Tao


‎"Health is the greatest possession. Contentment is the greatest treasure. Confidence is the greatest friend. Non-being is the greatest joy." Lao Tzu

Definition:


Sojourner comes from the Old French, séjourner, meaning "to stay for a time."

Monday, February 22, 2010

Ruth Stone

Ruth Stone

Turn Your Eyes Away (Second-Hand Coat)

The gendarme came
to tell me you had hung yourself
on the door of a rented room
like an overcoat
like a bathrobe
hung from a hook;
when they forced the door open
your feet pushed against the floor.
Inside your skull
there was no room for us,
your circuits forgot me.
Even in Paris where we never were
I wait for you
knowing you will not come.
I remember your eyes as if I were
someone you had never seen,
a slight frown between your brows
considering me.
How could I have guessed
the plain-spoken stranger in your face,
your body, tagged in a drawer,
attached to nothing, incurious.
My sister, my spouse, you said,
in a place on the other side of the earth
where we lay in a single bed
unable to pull apart
breathing into each other,
the Gideon Bible open to the Song of Songs,
the rush of the El-train
jarring the window.
As if needles were stuck
in the pleasure zones of our brains,
we repeated everything
over and over and over.



Accepting (In the Dark)

Half-blind, it is always twilight.
The dusk of my time and the nights
are so long, and the days of my tribe
flash by, their many-colored cars
choking the air, and I lie like a shah
on my divan in this 21st century
mosque, indifferent to my folded
flesh that falls in on itself,
almost inert, remembering crossing
the fields, turning corners, coming

home to the lighted windows,
the pedestrian years of it, accepting
from each hand the gifts,
without knowing why they were
given or what to make of them. 









Always on the Train
by Ruth Stone

Writing poems about writing poems
is like rolling bales of hay in Texas.
Nothing but the horizon to stop you.

But consider the railroad's edge of metal trash;
bird perches, miles of telephone wires.
What is so innocent as grazing cattle?
If you think about it, it turns into words.

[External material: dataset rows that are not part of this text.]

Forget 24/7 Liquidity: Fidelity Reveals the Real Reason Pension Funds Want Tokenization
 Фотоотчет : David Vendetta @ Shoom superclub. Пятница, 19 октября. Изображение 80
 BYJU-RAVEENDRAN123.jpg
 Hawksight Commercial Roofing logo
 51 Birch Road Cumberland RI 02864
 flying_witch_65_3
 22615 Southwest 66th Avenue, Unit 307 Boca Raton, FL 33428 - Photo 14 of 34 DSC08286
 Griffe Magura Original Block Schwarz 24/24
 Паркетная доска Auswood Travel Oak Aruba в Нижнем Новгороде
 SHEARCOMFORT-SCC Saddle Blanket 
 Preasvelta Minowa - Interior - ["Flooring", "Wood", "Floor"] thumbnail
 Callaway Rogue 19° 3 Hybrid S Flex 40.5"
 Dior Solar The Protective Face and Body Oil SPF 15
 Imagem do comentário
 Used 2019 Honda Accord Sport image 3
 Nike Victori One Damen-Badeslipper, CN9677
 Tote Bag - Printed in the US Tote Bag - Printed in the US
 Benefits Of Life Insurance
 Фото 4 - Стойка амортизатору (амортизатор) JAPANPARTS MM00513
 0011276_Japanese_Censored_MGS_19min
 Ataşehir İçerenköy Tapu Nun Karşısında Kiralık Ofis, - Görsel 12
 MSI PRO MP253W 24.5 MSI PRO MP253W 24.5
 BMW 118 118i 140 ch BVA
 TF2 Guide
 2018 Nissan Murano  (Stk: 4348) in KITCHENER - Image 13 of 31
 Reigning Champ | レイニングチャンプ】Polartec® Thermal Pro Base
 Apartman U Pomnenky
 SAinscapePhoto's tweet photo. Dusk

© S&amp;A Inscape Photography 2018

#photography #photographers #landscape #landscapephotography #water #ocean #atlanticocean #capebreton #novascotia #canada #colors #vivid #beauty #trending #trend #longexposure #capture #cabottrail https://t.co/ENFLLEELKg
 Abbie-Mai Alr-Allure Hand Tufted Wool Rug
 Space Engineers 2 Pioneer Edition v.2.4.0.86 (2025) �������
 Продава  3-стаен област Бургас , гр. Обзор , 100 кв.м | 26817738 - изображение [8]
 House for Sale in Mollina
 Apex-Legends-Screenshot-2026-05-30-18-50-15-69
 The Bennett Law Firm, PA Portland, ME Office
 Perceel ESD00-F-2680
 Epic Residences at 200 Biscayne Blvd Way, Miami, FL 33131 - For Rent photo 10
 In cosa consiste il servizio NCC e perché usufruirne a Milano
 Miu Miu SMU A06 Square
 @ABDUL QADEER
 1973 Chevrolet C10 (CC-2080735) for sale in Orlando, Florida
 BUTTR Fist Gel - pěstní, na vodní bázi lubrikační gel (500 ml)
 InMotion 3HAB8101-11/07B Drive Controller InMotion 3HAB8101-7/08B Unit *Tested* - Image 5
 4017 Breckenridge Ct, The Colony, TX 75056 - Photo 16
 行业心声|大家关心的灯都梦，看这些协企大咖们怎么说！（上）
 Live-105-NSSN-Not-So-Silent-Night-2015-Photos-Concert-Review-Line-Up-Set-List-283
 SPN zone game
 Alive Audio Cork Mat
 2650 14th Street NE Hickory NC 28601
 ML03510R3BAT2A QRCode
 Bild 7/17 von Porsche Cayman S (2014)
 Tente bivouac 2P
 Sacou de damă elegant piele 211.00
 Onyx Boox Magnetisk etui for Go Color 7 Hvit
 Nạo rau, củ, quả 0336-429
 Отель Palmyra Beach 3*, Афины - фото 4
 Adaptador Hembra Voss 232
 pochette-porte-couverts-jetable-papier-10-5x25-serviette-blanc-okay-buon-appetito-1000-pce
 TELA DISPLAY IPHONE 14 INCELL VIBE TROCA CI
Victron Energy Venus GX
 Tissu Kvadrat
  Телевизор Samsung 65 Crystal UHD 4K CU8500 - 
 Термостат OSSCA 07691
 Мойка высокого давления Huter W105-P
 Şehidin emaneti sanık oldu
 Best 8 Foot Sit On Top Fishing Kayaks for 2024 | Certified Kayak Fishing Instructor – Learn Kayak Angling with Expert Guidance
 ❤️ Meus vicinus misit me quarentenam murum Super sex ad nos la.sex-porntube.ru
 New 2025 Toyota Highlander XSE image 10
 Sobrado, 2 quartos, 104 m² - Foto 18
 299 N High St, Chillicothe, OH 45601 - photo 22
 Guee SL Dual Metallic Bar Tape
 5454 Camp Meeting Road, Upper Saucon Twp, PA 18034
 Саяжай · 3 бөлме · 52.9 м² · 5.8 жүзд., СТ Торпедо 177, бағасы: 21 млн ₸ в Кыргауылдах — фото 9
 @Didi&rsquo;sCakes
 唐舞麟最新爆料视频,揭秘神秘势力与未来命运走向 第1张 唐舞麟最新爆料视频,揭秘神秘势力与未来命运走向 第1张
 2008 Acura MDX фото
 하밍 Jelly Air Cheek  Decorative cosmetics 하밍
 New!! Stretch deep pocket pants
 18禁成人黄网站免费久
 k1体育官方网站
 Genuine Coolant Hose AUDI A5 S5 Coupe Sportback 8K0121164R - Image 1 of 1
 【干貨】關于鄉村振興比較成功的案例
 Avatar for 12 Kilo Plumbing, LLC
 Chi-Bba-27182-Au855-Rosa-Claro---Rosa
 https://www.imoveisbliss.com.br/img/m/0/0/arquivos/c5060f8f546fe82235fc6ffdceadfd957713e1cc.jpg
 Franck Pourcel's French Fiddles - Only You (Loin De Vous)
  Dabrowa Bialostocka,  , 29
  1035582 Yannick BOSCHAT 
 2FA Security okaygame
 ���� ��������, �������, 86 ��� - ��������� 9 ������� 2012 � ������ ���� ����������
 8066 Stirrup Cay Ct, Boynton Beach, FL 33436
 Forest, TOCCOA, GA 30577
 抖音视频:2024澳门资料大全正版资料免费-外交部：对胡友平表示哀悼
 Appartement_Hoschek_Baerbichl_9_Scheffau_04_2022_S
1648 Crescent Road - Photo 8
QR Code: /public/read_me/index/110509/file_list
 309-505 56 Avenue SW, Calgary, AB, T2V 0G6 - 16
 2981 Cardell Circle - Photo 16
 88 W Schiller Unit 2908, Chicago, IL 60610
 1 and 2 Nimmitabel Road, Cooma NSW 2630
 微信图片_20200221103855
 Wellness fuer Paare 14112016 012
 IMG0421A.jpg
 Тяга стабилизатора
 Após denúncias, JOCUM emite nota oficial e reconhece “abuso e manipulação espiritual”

Trash is so cheerful; flying up
like grasshoppers in front of the reaper.
The dust devil whirls it aloft; bronze candy wrappers,
squares of clear plastic--windows on a house of air.

Below the weedy edge in last year's mat,
red and silver beer cans.
In bits blown equally everywhere,
the gaiety of flying paper
and the black high flung patterns of flocking birds.